Шрифт:
Интервал:
Закладка:
Луиза ждала письма, ждала телефонного звонка из Америки или звука поворачивающегося в двери ключа и рыдающей Алеф, влетающей в ее объятия. Но Луиза также понимала, что, как бы ни сложилась новая жизнь, Алеф не вернется, раскаявшись в своем бегстве. Возможно, через много лет она приедет показать им своих детей. Эта идея была отвратительной. Но сейчас душу Луизы начала терзать еще более острая боль, казалось, эта боль никогда не покинет ее. Лукас хотел жениться на ней, на ней, на Луизе.
«Когда Тедди умер, — размышляла Луиза, — а Лукас пришел и предложил мне выйти за него замуж, я отказалась, и тогда наши отношения почти полностью прекратились. Вероятно, его гордость помешала продолжению любого дружеского общения. Должно быть, я глубоко обидела его, не смогла скрыть удивления, вероятно воспринятого им как отвращение. Неудивительно, что он отдалился не только от меня, но и от всех остальных. Мне не следовало позволять Лукасу отдаляться. Мне следовало найти к нему верный подход, как-то поддержать его. Ведь я привыкла восхищаться им, любить его как друга Тедди и брата Клемента. Мне нужно было, по крайней мере, постараться показать ему свою любовь и привязанность, показать, как все мы дорожим им, как он нам нужен. Мне следовало проявить к нему больше внимания, навещать его, заставить бывать в Клифтоне. Но я эгоистично лелеяла собственное горе, а потом стало уже слишком поздно. Из-за тривиального отсутствия храбрости я лишила его внимания, предпочтя забыть о нем, и стала бояться его. Да и после несчастья с Питером, после тайного отъезда и возвращения Лукаса мне следовало сразу пригласить его к нам, сразу поехать к нему, помочь ему прийти в себя… Я должна была показать ему свою привязанность и любовь. Я же думала поехать к нему, но все медлила, а Клемент и вовсе отговорил меня. Я могла бы спасти Лукаса, если бы была с ним рядом с самого начала… Возможно, тогда он не накопил бы столько жуткой ненависти к Клементу… О боже, если бы только… Да, я могла бы спасти Питера… и спасти Алеф. Все могло бы сложиться по-другому… и во всем виновата я одна. А теперь он увез ее, исключив возможность наших новых встреч».
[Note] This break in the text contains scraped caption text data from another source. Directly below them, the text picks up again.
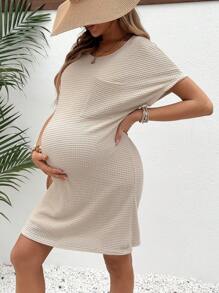 SHEIN Maternity Round Neck Batwing Short Sleeve Solid Color Dress - Apricot - View 1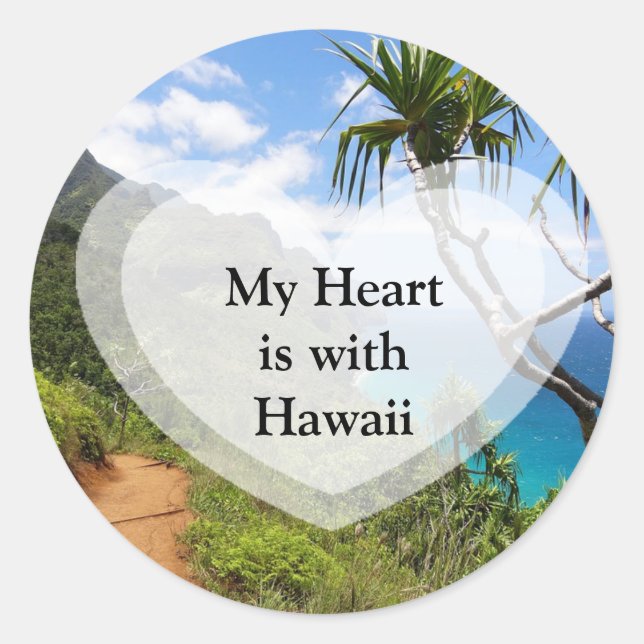 Mein Herz ist mit Hawaii Stickers (Vorderseite)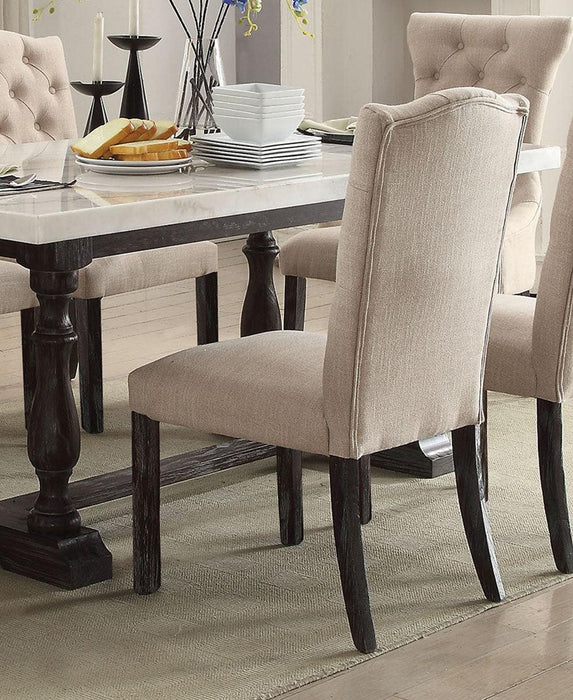 Acme Furniture Gerardo Upholstered Side Chair in Beige and Espresso (Set of 2) 60822 - U&U Home Budget Furniture (Carteret, NJ)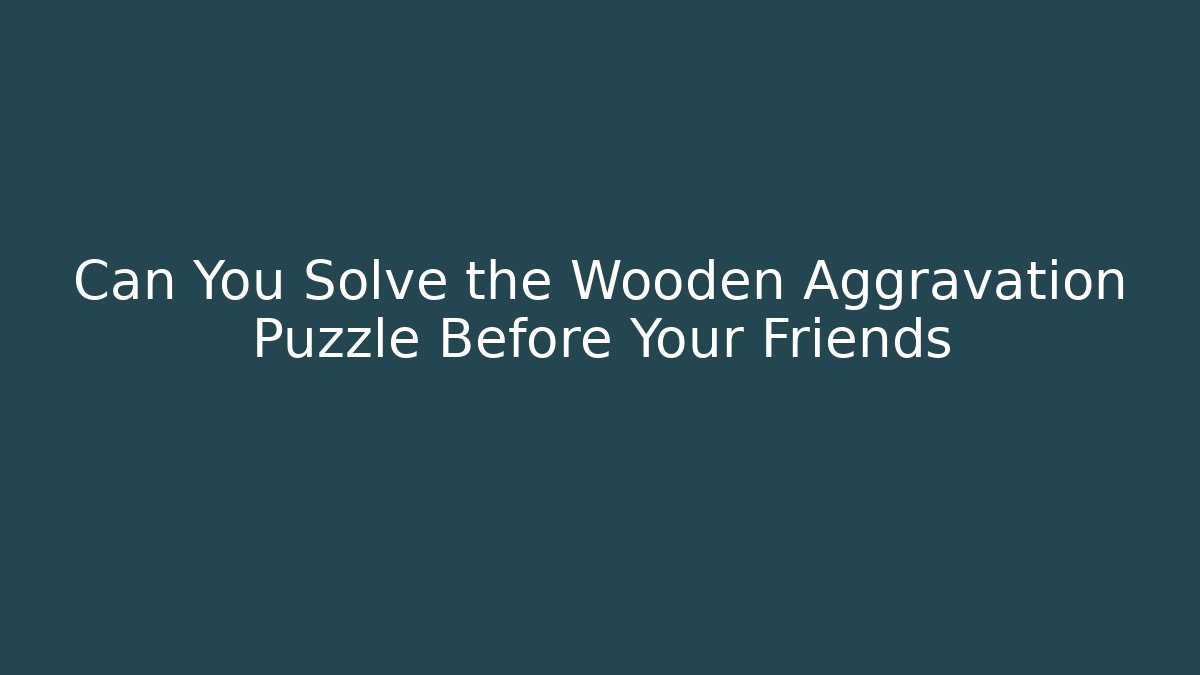Can You Solve the Wooden Aggravation Puzzle Before Your Friends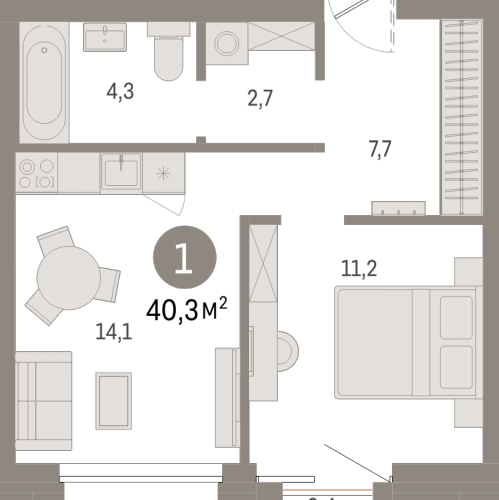 1-комн квартира Санкт-Петербург г., Головнина б-р,  к. 2-1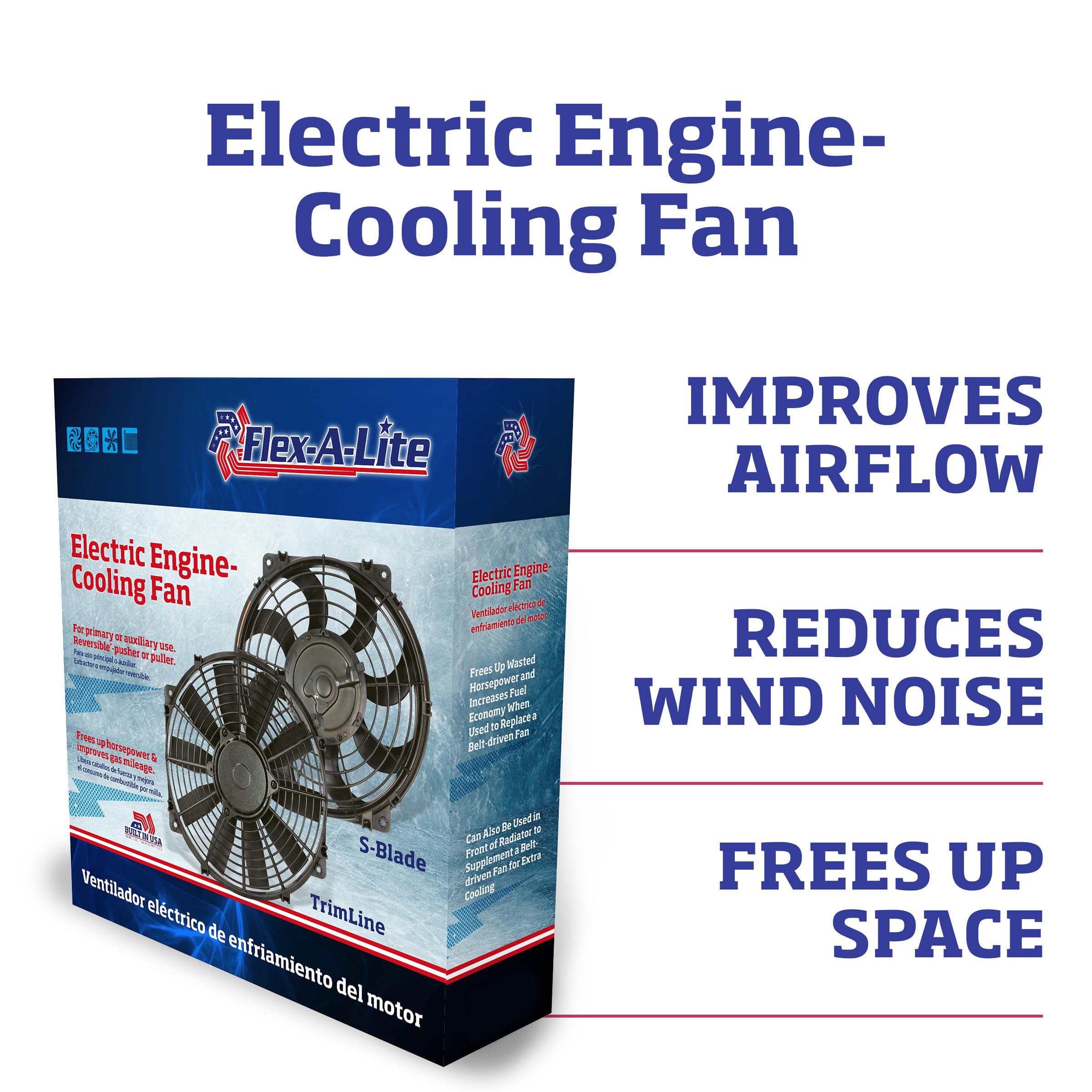Syclone Flex-A-Lite Black S-Blade Reversible Electric Fan, Pusher-Puller Fan (398), 16 Inches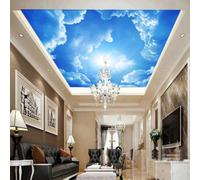 Mural de techo autoadhesivo en 3D con cielo azul, nubes blancas y sol, ideal para la decoración del techo de la sala de estar y el dormitorio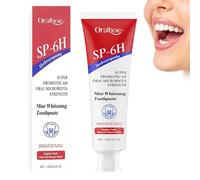 Hidroxiapatita Pasta de Dientes,SP-6 Pasta Dental,Dentifrico Blanqueador de Dientes Sin Fluor,para Dientes Sensibles,Ayuda a Blanquear Los Dientes,Aliento Fresco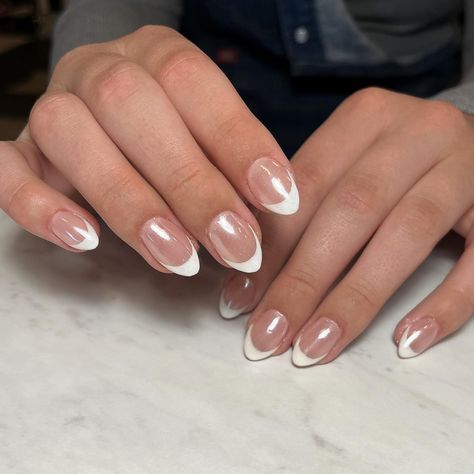 Chrome Frenchies Nails, French Tip Chrome Nails, Chrome Frenchies, Ella Woodward, Tip Nails, I Love A, French Tip Nails, Chrome Nails, Nail Tech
Клемент зашел к своему агенту. (Телефонные звонки оказались бесполезными.) Этот агент уже не раз предлагал ему интересную работу, за которую раньше Клемент ухватился бы с радостным блеском в глазах. Сейчас же он каждый раз вяло говорил, что обдумает эти предложения. У него не хватало сил, он упорно твердил себе, что переживает период скорби, период полного крушения иллюзий, период раскаяния. Он дважды звонил в Клифтон, но подходила Сефтон и говорила, что Луиза отдыхает. Клемент рано ложился спать, но сон не шел к нему. Он постоянно думал о Питере. Не ошиблись ли они, разрешив тому врачу увезти его? Но ведь он сам захотел поехать, и что тут, в сущности, можно было возразить, они же практически ничего о Питере не знали, он был гостем из иных сфер. Клементу вспомнилось, как Питер прижал его к стене и схватил за горло. И что теперь, после окончательного бегства Лукаса, ему думать обо всем этом? Неужели новое преступление Лукаса, это ужасное похищение Алеф, вдруг коренным образом изменило положение дел? Неужели Лукас решил увезти Алеф от Питера, чтобы отомстить ему? Нет, тут явная путаница. Ведь это Питер хотел мести, а потом простил Лукаса и отпустил его на свободу.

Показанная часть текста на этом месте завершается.